Allah Ta’ala berfirman : “…Wamaa ataakumur rasuulu fa khudzuuhu, wamaa nahaakum anhu fantahuu…” Dan apa apa yang diberikan Rasul kepadamu, maka terimalah dia. Dan apa apa yang dilarangnya bagimu, maka tinggalkanlah. (Q.S al Hasyr 7)

Rasulullah bersabda : “Man ahdatsa fii amrinaa hadzaa maa laisa minhu fahuwa raddun.” Barang siapa yang mengada ada dalam urusan (agama) kami ini, sesuatu yang bukan bagian darinya, maka amalannya tertolak. (H.R Imam Bukhari dan Imam Muslim).

Ada sebuah atsar yang berkaitan dengan penyelisihan terhadap sunnah atau petunjuk Rasulullah, dikeluarkan antara lain oleh Ad Darimi, al Baihaqi dan di shahihkan oleh Syaikh al Albani, yaitu : 
 
“Dari Sa’id bin Musayyib, ia melihat seorang laki laki menunaikan shalat sunat fajr lebih dari dua raka’at.
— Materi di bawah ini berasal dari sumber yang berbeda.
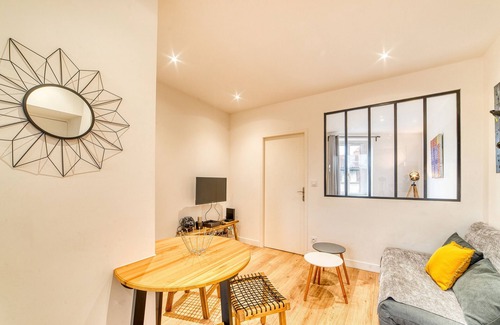 La Demi - Lune Apartment | Le Victor Hugo - T2 cosy Horloge et Gare Tassin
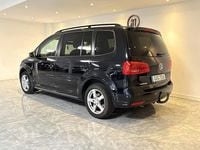 Begagnad VW Touran 140 HK (102 kW) 2015 Svart Minibuss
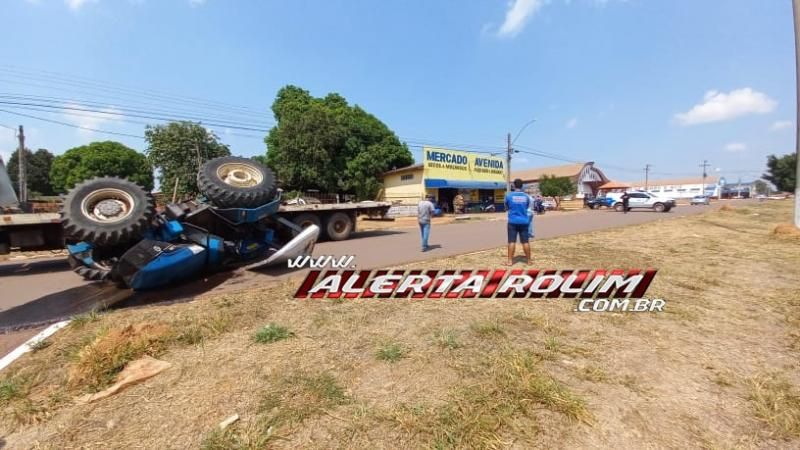 Trator caiu de caminhão prancha nesta manhã de quinta-feira em Rolim de Moura Trator caiu de caminhão prancha nesta manhã de quinta-feira em Rolim de Moura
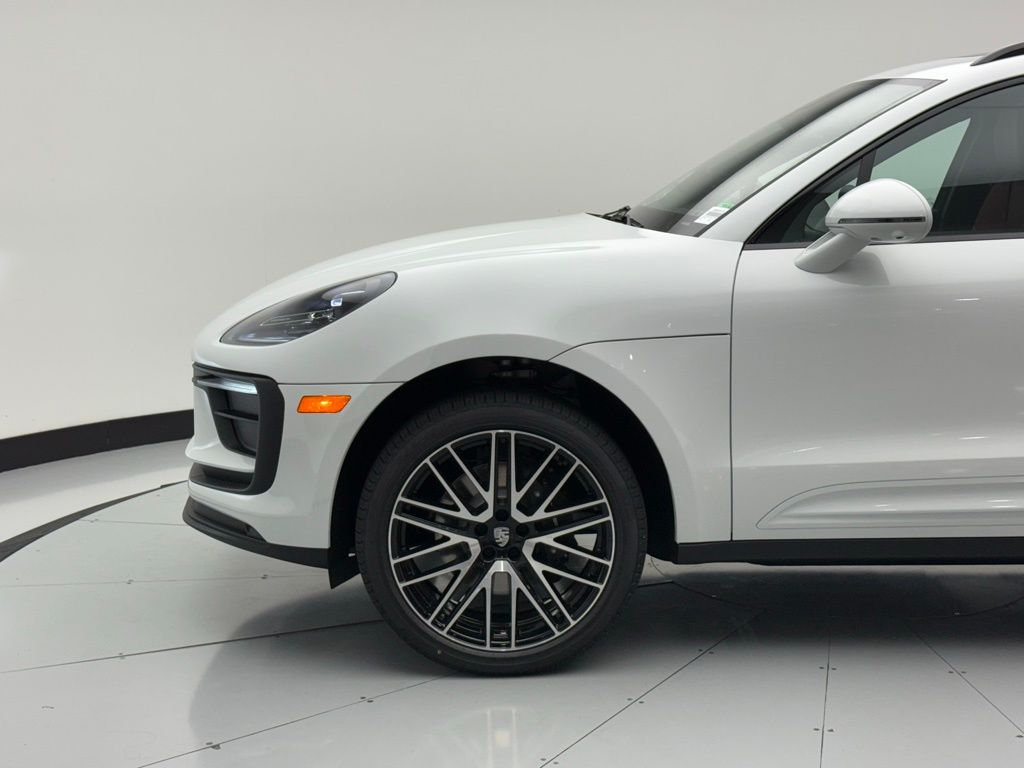Thumbnail: 2025 Porsche Macan - 29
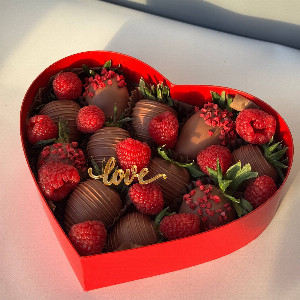 Scarlet Hearts Chocolate Covered Strawberries with delivery Nizhniy-Novgorod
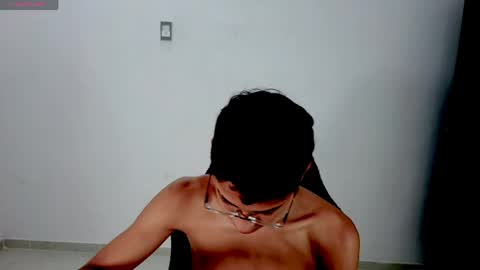 Snapshot of im_david01 chatting on April 2026 04:11:02 PM im_david01 online show from April 2026 04:11:02 PM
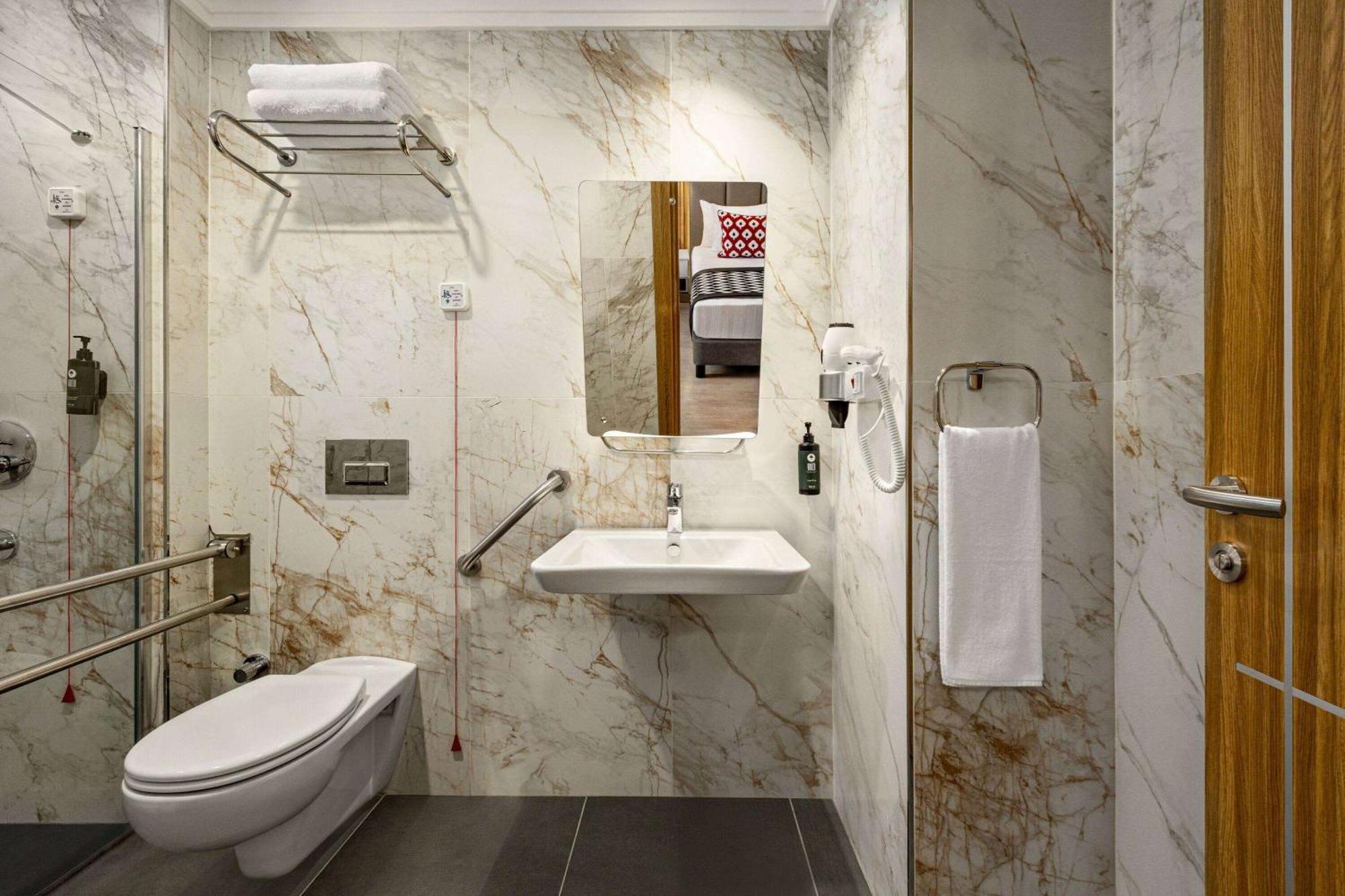 Ramada Encore By Wyndham Sisli 4* Istanboel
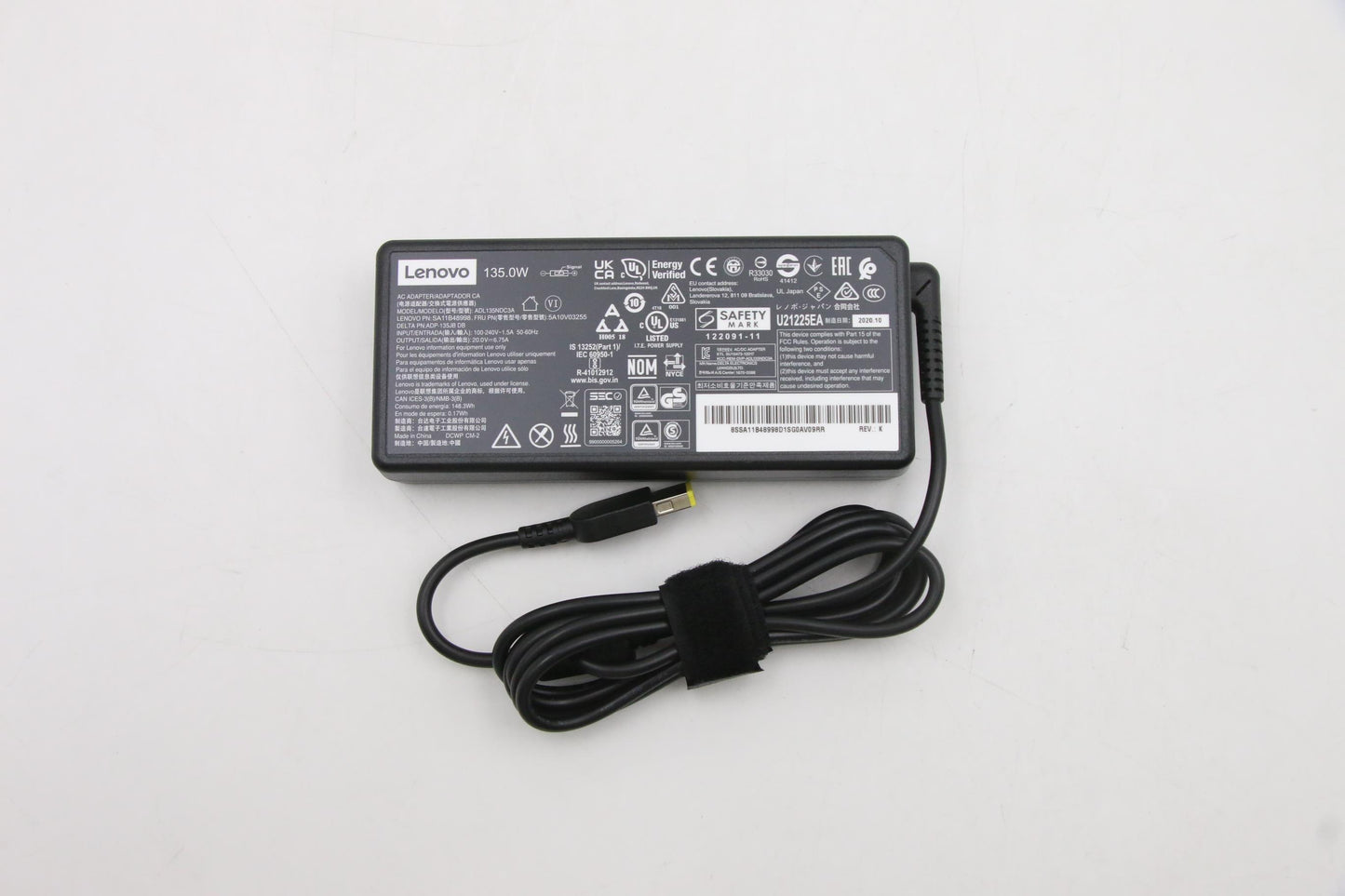 Lenovo 135W Rectangle AC Adapter, 3-Prong, Black - 5A10V03255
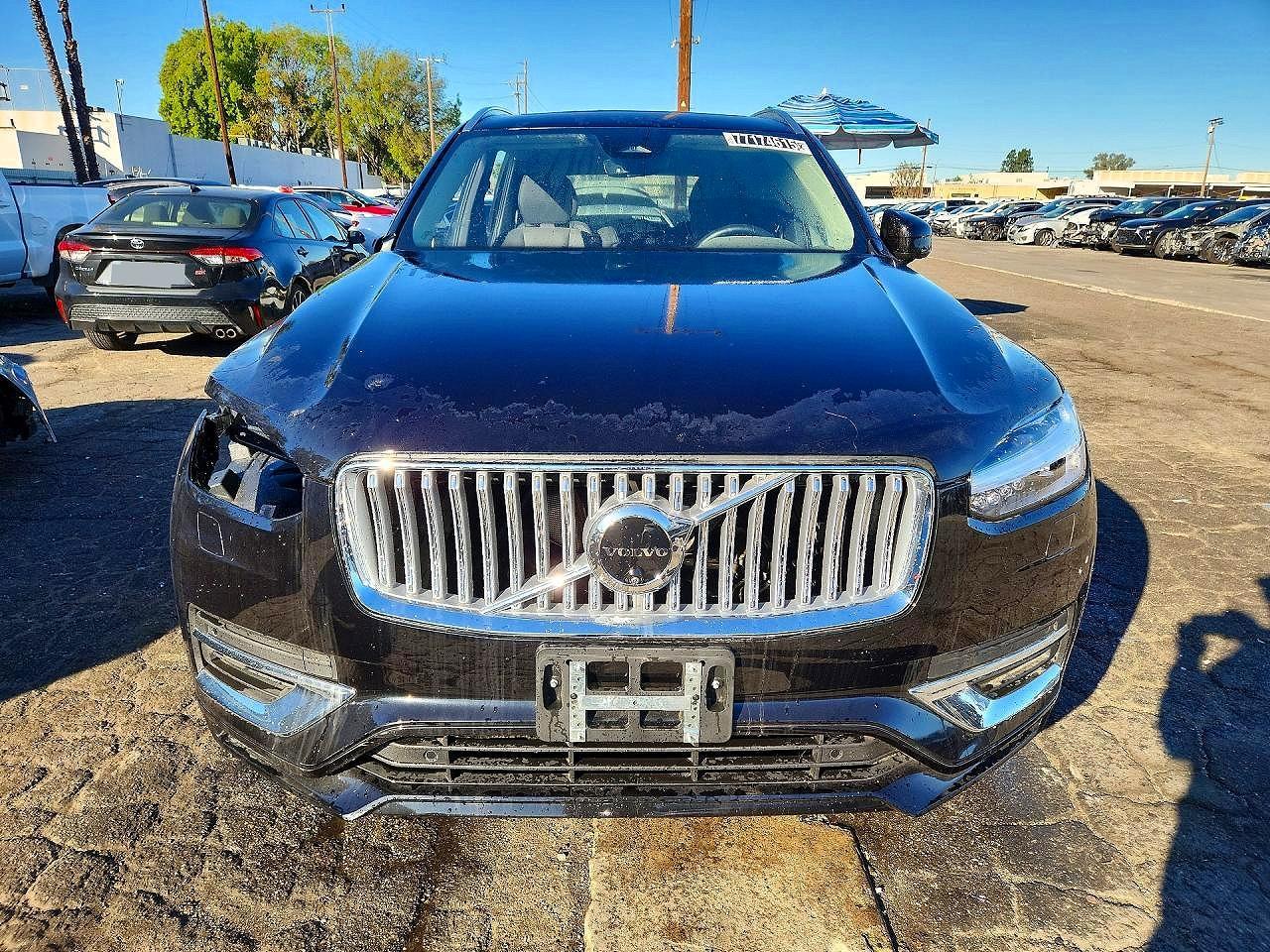 2025 VOLVO XC90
Ia memanjangkan rukuk dan sujudnya. Maka Sa’id bin Musayyib pun melarangnya. Orang itu bertanya : Wahai Abu Muhammad, apakah Allah akan menyiksaku dengan sebab aku shalat. Beliau menjawab : Tidak, tetapi Allah akan menyiksamu karena menyelisihi Sunnah.”  

Syaikh Muhammad Nashiruddin al Albani memberi komentar terhadap atsar ini dalam kitab Irwa’ul Ghalil. : Ini adalah jawaban Sa’id bin Musayyib yang sangat indah. Dan merupakan bantahan terhadap orang orang yang menganggap baik sesuatu bid’ah dengan alasan dzikir dan shalat. Kemudian menuduh ahlus sunnah mengingkari dzikir dan shalat. Padahal sebenarnya yang mereka ingkari adalah penyelisihan terhadap tuntunan Rasulullah dalam dzikir, shalat dan yang lainnya.

Oleh karena itu mari kita pelihara amal ibadah kita agar tetap memenuhi syarat ikhlas dan ittiba’ yaitu tidak menyelisihi apa yang di ajarkan oleh Rasulullah Sallahu ‘alaihi wasallam. Tidaklah cukup dengan niat baik saja.


Sungguh Allah telah memberikan peringatan dengan kedatangan cobaan dan adzab terhadap orang orang yang menyelisihi perintah Rasul-Nya. Allah Ta’ala  berfirman : “Falyahdzril ladzina yukhaalifuuna ‘an amrihii an tushiibahum fitnatun au yushiibahum ‘adzaabun aliim” Maka hendaklah orang orang yang menyalahi (menyelisihi) perintah Rasul-Nya takut akan mendapat cobaan atau ditimpa adzab yang pedih. (Q.S an Nuur 63).